**TASK TO CARRY OUT**
Write out the following listing's lines from the one with "Kim Milyoner Olmak" to the one with "SUITE COCTEAU : au", exactly, with both included and no others.

Segment Start: DATA SECTION

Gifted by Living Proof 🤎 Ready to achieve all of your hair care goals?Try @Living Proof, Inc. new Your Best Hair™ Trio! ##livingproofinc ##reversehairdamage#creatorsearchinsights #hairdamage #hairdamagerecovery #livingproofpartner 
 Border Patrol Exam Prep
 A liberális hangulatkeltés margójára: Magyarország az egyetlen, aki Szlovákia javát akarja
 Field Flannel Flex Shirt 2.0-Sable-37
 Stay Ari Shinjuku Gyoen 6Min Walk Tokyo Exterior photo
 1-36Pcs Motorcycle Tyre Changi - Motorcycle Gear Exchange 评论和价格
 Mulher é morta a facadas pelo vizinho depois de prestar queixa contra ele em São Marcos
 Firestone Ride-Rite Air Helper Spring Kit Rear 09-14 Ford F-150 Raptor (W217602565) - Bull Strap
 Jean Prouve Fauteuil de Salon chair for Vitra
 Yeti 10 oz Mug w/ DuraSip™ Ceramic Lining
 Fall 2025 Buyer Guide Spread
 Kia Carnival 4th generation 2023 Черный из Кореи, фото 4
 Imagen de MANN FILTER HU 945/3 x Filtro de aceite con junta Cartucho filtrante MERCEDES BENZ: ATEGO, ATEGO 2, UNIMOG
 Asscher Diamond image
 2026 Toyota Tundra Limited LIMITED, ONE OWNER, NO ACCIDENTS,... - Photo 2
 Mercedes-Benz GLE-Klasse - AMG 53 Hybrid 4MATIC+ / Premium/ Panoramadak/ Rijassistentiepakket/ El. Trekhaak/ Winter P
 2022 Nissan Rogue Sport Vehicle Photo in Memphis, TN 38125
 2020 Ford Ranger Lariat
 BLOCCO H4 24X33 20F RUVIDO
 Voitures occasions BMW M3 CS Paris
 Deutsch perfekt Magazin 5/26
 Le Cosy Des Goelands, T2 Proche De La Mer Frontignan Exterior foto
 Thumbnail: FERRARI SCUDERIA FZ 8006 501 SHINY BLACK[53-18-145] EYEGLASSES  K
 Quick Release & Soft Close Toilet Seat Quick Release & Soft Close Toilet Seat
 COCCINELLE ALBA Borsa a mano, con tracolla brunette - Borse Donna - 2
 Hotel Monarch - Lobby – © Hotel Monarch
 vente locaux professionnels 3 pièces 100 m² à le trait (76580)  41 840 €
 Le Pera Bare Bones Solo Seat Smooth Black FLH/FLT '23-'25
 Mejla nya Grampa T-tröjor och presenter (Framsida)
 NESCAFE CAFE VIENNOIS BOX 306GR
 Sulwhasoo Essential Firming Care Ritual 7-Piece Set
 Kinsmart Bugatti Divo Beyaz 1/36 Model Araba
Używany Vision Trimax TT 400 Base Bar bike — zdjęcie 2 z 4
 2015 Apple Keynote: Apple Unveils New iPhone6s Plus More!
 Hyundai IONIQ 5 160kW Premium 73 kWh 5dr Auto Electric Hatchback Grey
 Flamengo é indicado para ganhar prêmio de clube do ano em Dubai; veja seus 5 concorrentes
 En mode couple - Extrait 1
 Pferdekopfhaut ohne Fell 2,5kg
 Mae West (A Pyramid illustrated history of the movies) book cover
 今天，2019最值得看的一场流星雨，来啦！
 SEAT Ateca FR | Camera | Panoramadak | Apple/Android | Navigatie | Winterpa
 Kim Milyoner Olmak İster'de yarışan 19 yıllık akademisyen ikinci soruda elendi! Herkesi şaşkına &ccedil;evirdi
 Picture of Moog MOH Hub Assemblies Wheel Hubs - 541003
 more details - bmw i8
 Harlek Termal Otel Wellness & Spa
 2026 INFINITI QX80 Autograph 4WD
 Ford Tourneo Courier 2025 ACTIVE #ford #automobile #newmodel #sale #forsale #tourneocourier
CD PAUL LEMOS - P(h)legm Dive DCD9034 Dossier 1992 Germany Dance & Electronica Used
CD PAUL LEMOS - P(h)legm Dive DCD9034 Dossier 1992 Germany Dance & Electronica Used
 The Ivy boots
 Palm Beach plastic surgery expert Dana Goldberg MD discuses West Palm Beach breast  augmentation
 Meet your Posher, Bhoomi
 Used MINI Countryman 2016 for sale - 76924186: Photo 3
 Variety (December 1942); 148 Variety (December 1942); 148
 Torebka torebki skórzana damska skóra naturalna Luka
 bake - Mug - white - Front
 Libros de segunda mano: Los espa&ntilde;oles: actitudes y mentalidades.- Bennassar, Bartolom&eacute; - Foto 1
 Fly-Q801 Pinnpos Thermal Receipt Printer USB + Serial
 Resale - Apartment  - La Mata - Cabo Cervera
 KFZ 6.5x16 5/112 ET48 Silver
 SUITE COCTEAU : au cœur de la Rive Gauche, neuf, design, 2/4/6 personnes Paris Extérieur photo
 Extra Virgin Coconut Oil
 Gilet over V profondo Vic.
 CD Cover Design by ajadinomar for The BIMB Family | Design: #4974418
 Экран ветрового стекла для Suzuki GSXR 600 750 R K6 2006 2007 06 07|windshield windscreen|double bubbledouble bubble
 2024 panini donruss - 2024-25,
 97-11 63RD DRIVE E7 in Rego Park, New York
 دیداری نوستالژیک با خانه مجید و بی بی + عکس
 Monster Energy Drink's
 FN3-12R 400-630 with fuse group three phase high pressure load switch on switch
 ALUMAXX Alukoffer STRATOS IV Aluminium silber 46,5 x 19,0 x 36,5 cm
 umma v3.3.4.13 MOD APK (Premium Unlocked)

Segment End: DATA SECTION

**YOUR SOLUTION**
 Kim Milyoner Olmak İster'de yarışan 19 yıllık akademisyen ikinci soruda elendi! Herkesi şaşkına &ccedil;evirdi
 Picture of Moog MOH Hub Assemblies Wheel Hubs - 541003
 more details - bmw i8
 Harlek Termal Otel Wellness & Spa
 2026 INFINITI QX80 Autograph 4WD
 Ford Tourneo Courier 2025 ACTIVE #ford #automobile #newmodel #sale #forsale #tourneocourier
CD PAUL LEMOS - P(h)legm Dive DCD9034 Dossier 1992 Germany Dance & Electronica Used
CD PAUL LEMOS - P(h)legm Dive DCD9034 Dossier 1992 Germany Dance & Electronica Used
 The Ivy boots
 Palm Beach plastic surgery expert Dana Goldberg MD discuses West Palm Beach breast  augmentation
 Meet your Posher, Bhoomi
 Used MINI Countryman 2016 for sale - 76924186: Photo 3
 Variety (December 1942); 148 Variety (December 1942); 148
 Torebka torebki skórzana damska skóra naturalna Luka
 bake - Mug - white - Front
 Libros de segunda mano: Los espa&ntilde;oles: actitudes y mentalidades.- Bennassar, Bartolom&eacute; - Foto 1
 Fly-Q801 Pinnpos Thermal Receipt Printer USB + Serial
 Resale - Apartment  - La Mata - Cabo Cervera
 KFZ 6.5x16 5/112 ET48 Silver
 SUITE COCTEAU : au cœur de la Rive Gauche, neuf, design, 2/4/6 personnes Paris Extérieur photo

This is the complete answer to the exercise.